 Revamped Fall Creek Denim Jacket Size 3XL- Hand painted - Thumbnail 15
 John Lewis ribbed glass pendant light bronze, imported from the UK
____________
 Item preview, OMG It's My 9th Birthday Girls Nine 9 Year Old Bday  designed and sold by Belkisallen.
____________
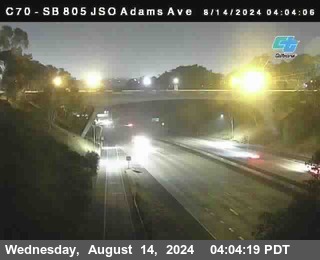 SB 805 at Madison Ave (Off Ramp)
____________
§ How to complete this task: The entries above hold a line with "Revamped Fall Creek" and a later line with "John Lewis ribbed". Write out exactly those lines and all lines between, nothing more.

§ Result of this task:
 Revamped Fall Creek Denim Jacket Size 3XL- Hand painted - Thumbnail 15
 John Lewis ribbed glass pendant light bronze, imported from the UK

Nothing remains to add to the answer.